**To do:**
Extract exactly and only the lines from the one containing "1920s Orion wall" through the end of the entries below. Pictures should not appear in the copy.

**Records for the exercise:**
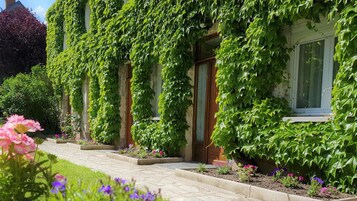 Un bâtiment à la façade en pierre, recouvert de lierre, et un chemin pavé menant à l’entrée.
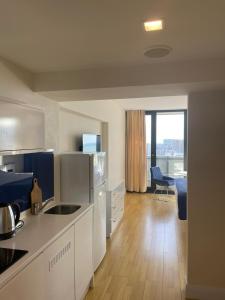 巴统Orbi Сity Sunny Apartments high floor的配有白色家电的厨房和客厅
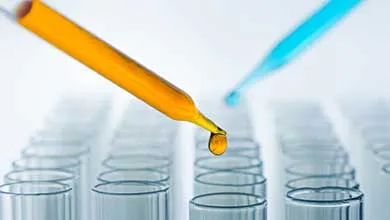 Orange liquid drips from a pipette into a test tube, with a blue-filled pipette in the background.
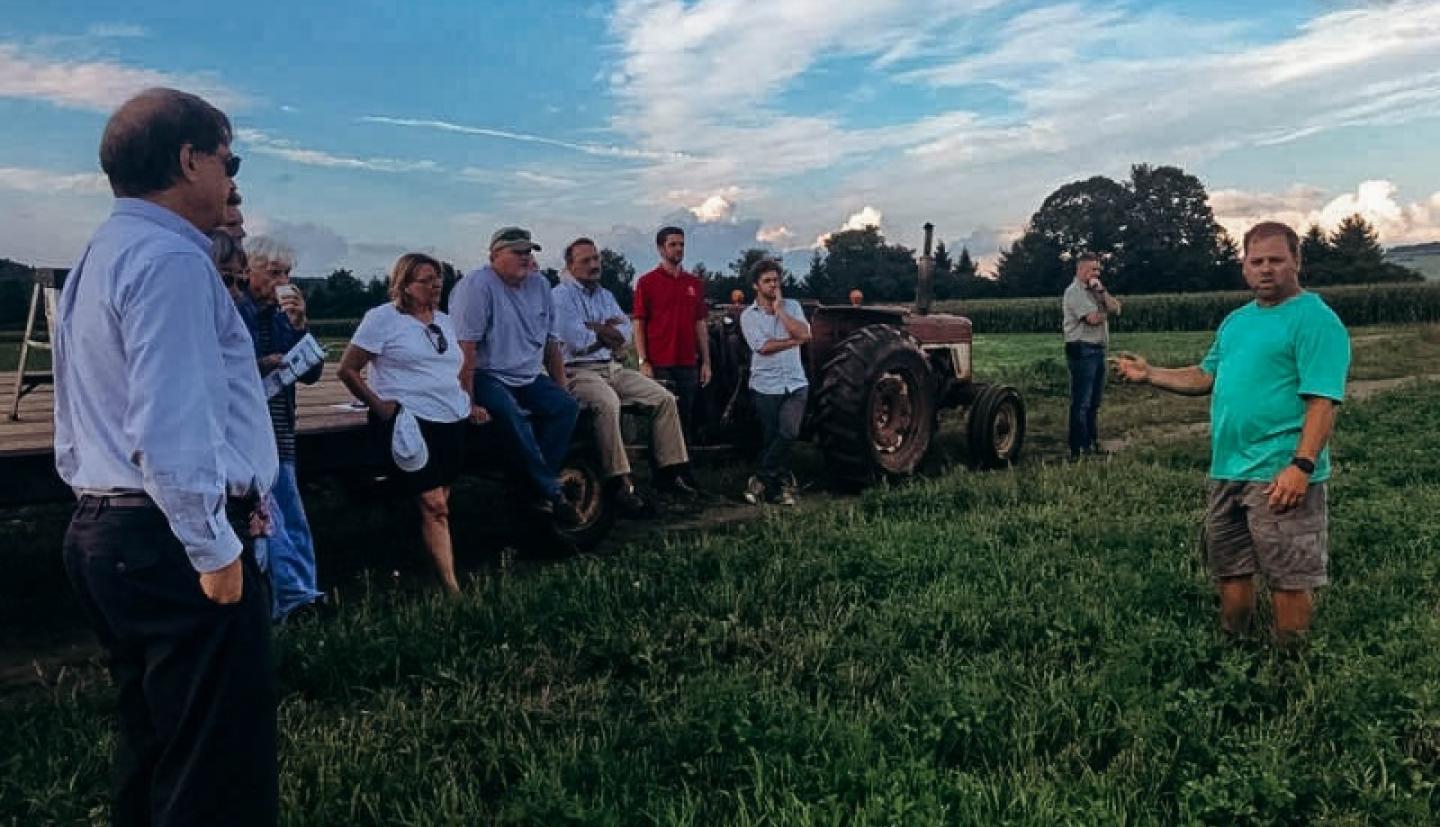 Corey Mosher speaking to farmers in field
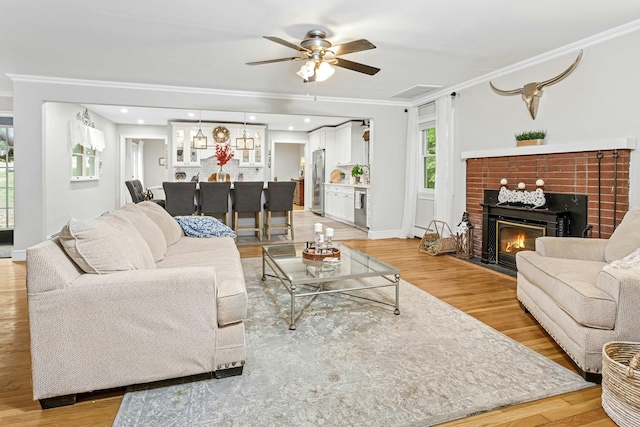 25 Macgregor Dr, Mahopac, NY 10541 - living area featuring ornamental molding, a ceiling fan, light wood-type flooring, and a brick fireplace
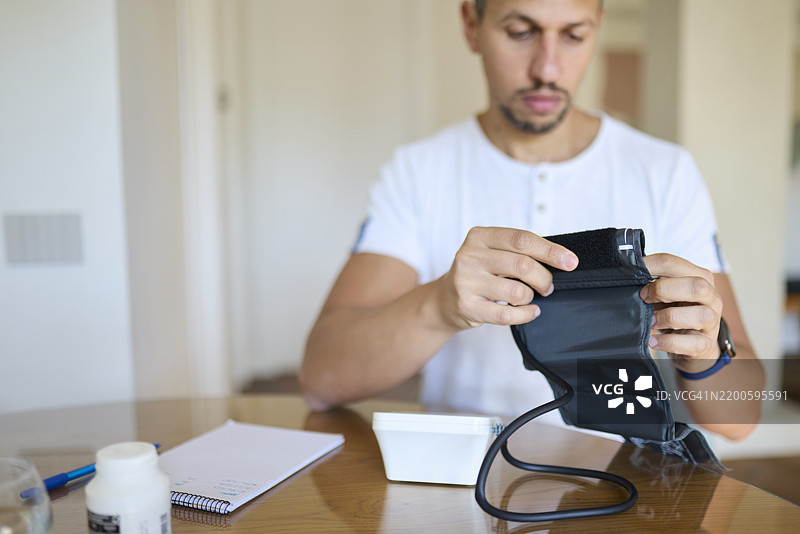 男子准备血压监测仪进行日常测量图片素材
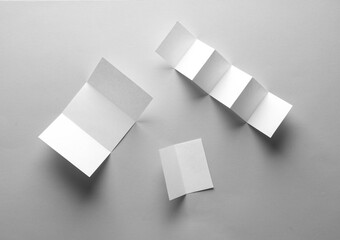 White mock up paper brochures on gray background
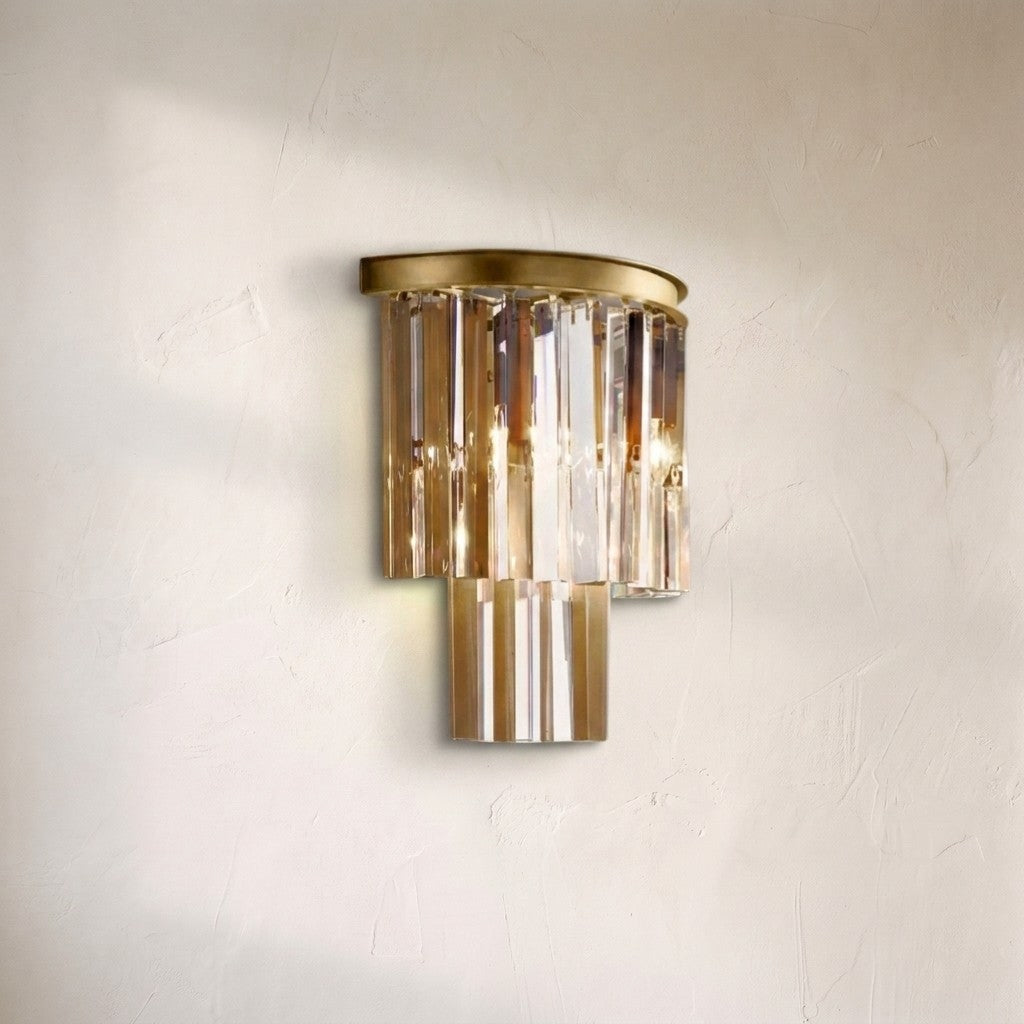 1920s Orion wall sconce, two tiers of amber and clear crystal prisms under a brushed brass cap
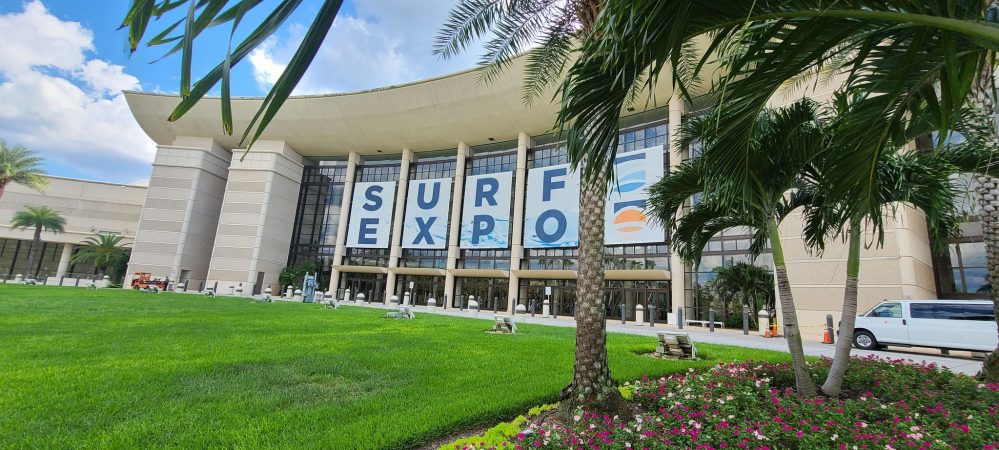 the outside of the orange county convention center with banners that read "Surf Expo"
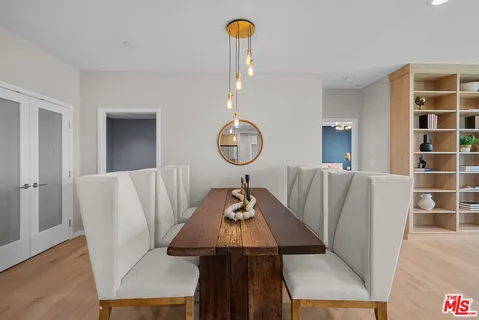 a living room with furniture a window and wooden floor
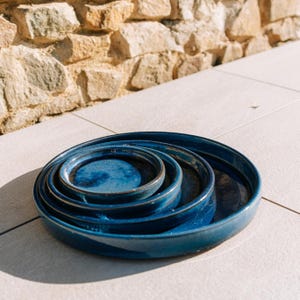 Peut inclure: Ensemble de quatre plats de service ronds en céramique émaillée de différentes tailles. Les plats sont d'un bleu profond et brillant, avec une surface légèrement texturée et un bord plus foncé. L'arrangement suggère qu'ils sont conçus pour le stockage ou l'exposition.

**Solution to this task:**
 1920s Orion wall sconce, two tiers of amber and clear crystal prisms under a brushed brass cap
 the outside of the orange county convention center with banners that read "Surf Expo"
 a living room with furniture a window and wooden floor
 Peut inclure: Ensemble de quatre plats de service ronds en céramique émaillée de différentes tailles. Les plats sont d'un bleu profond et brillant, avec une surface légèrement texturée et un bord plus foncé. L'arrangement suggère qu'ils sont conçus pour le stockage ou l'exposition.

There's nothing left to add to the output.